Es sin duda esta colosal reconstrucción del Madrid de la edad de plata de la cultura española, cuyo escenario fue esencialmente madrileño, lo que le ha llevado a nuestro autor a calificar su novela de histórica. Y efectivamente novela histórica es este “Reloj de la vida”, pero aún podríamos añadir un matiz muy importante: novela histórica de la vida cotidiana madrileña. Es lo que Unamuno calificó de intrahistoria de los pueblos que, dicho sea de paso, nos interesa mucho más que la historia de los grandes personajes, las batallas y los delirantes estereotipados discursos. En el libro de Fernando de Villena no aparece ni el rey ni ninguno de sus ministros. Es el pueblo y sus escritores, grandes y pequeños, los que llenan, con sus vivencias, aventuras, desventuras y lágrimas, las páginas del libro.

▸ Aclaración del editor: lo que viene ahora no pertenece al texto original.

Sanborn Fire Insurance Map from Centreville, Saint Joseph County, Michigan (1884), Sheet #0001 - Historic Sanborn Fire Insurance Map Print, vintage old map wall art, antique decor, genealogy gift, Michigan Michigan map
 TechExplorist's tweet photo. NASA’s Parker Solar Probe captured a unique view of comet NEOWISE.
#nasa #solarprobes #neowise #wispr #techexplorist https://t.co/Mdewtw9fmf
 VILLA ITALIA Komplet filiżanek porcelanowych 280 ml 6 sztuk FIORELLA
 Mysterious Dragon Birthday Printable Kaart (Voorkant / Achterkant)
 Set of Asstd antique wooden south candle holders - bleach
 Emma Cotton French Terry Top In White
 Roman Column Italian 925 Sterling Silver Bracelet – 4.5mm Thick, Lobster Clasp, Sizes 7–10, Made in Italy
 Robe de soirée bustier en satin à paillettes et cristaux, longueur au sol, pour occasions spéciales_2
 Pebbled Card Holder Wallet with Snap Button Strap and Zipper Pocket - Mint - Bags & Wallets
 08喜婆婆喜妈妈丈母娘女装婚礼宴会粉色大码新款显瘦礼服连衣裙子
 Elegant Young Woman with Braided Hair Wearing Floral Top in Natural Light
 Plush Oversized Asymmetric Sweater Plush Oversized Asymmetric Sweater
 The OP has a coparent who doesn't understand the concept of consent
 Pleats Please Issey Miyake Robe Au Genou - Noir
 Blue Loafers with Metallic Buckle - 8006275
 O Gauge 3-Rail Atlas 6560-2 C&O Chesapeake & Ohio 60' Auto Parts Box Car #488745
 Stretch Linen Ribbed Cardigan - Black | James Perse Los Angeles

Pero sobre esta reconstrucción histórica, que abarca todos los ángulos y matices de la vida madrileña de entonces, se impone un idilio de amor y muerte, que sin la menor duda es lo mejor de toda la novela. El personaje Manuela es todo un acierto de nuestro autor y sus amores con Alfonso, así como su temprana muerte, hacen de esta novela un imperecedero monumento de amor y dolor. Es en este sentido en el que me atrevo a calificar este libro de neorromántico, un género que en nuestro siglo parecía definitivamente olvidado.

Ya sólo me queda señalar la soltura de estilo, siempre en un español impecable, limpio de barbarismos y otras impertinencias tan corrientes en los libros de ahora, que, unido a la modesta paginación -176 páginas-, hacen que la novela se lea en el breve espacio de dos o tres noches.